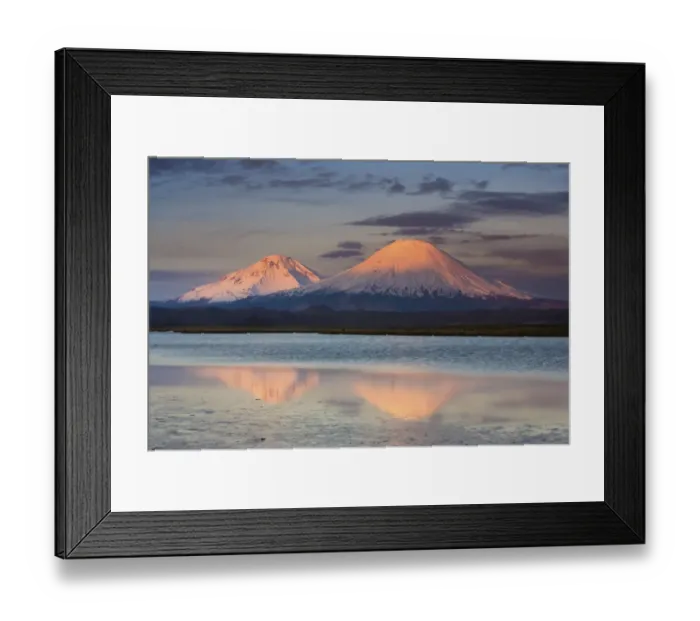 Framed Print : Payachata Volcanoes, twin volcanoes each standing over twenty thousand feet high, dominate the landscape in the Chilean Andes, Luaca National Park, Chile Framed Print : Payachata Volcanoes, twin volcanoes each standing over twenty thousand feet high, dominate the landscape in the Chilean Andes, Luaca National Park, Chile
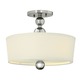 Zelda Semi Flush Ceiling - Polished Nickel / Off White
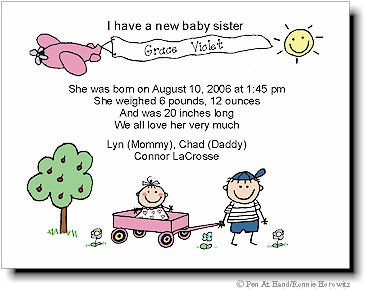 Pen At Hand Stick Figures Birth Announcements - New Sibling Pink Wagon (color)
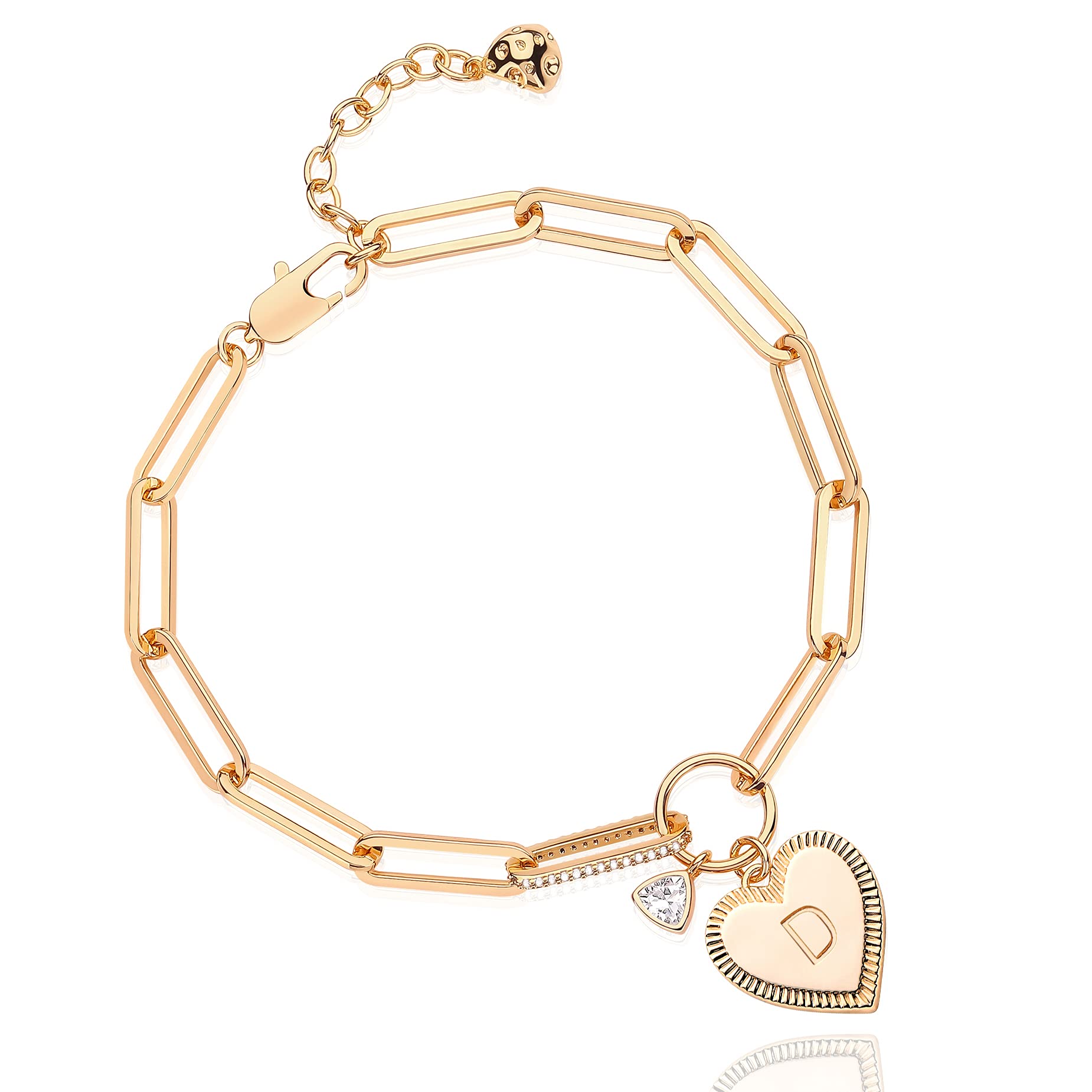 14K Gold Plated Initial Charm Bracelet for Women - Dainty Heart Paperclip Chain Love Bracelet, Best Friend & Sister Gift, Perfect for Anniversaries & Valentine's Day (Pulseras de Mujer)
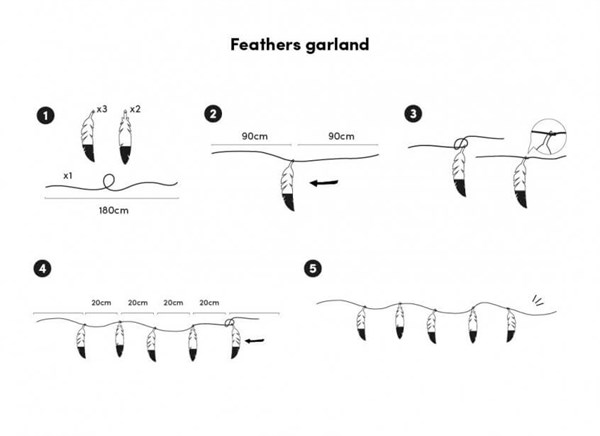 Garland Feather Siyah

-=-=-=-=-

• [WHAT NEEDS TO BE DONE] The lines from the start of the data through the line that contains "Zelda Semi Flush" are to be returned exactly, please, with both ends included and every picture left out.

• [RESULT OF THIS EXERCISE]
 Framed Print : Payachata Volcanoes, twin volcanoes each standing over twenty thousand feet high, dominate the landscape in the Chilean Andes, Luaca National Park, Chile Framed Print : Payachata Volcanoes, twin volcanoes each standing over twenty thousand feet high, dominate the landscape in the Chilean Andes, Luaca National Park, Chile
 Zelda Semi Flush Ceiling - Polished Nickel / Off White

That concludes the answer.